The documentation, one might say, had outlived the theories for which it had been accumulated, and had been put to cultural uses the earlier collectors never imagined. Though such collectors might have expected that future researchers would use earlier field data to develop fresh conclusions, they can hardly have foreseen that the fieldnotes, photographs, sound recordings, and published descriptions they painstakingly created would re-enter the very cultural process they described, would be prized, studied, and at times readopted by the very people they had studied. To the later 20th century was reserved the gradually dawning realization that we are a part of and thus affect all we study.
The efficacy of documentation was powerfully brought home to me during a recent trip to Nebraska. The Federal Cylinder Project, with the assistance of the L. J. and Mary C. Skaggs Foundation, has recently plunged into its dissemination phase with plans to issue published recordings (in LP disc and cassette form) selected from the early cylinders. Our first published recording will feature Omaha Indian music recorded by Alice C. Fletcher and (Omaha Indian) Francis La Flesche about 1896. My Nebraska mission: to present these historical recordings to the Omaha tribe and to ask their support for the idea of the recorded publication.

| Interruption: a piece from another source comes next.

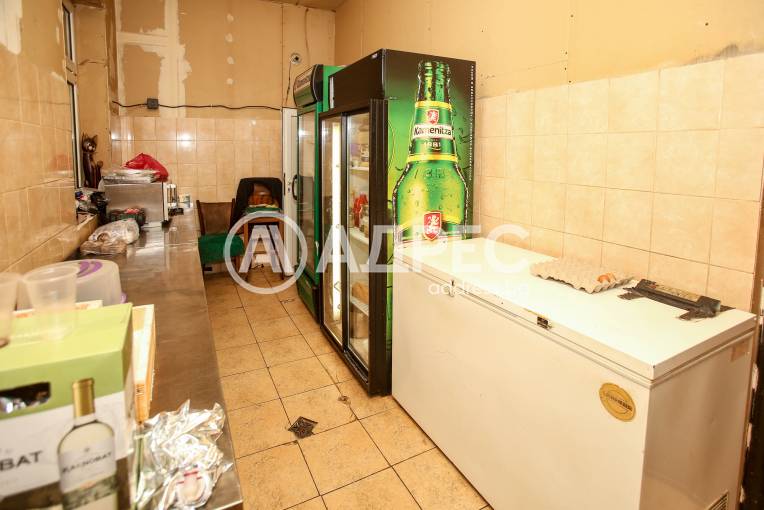 Офис Сграда/Търговски център, Студена, 678605, Снимка 6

I left town on Washington's Birthday, flew westward to Lincoln, Nebraska, and spent the afternoon at the Nebraska State Historical Society researching early Omaha Indian photographs. The next morning folklorist Roger Welsch drove me up to Macy, a ride of about two hours through the flat-to-rolling countryside of eastern Nebraska. We pulled into Macy, a small community near the Missouri River, and walked into the Omaha Tribal Administration Building to find Dennis Hastings, the young Omaha who has been working on cultural projects for the tribe. He was bustling about getting ready for our presentation to the Tribal Council. We were introduced to a few people, then ushered into the Council's meeting room.
Dancing to Wax Cylinder Recordings
August 13, 1983.
Dennis Hastings gave an initial talk, then I made a fairly lengthy presentation describing the project, the Fletcher/La Flesche collection, and the Folklife Center's publication plans. The Council members seemed interested but were curious to hear for themselves. At that point I excused myself to run out to the car and retrieve my cassette recorder. When I came back, I discovered that the Council had sent for two old men to join us. One of them was 80-year-old John Turner, whom I later recorded. I played examples from the cylinder recordings, concentrating on the helushka (warrior songs) category. When John Turner began singing along with some of the 1896 recordings, I knew we were home free. After a few pieces we stopped and Mr. Turner offered supportive comments. The Council members closed the meeting with a resolution for the Vice Chairman, Mark Merrick, to draft a letter of support.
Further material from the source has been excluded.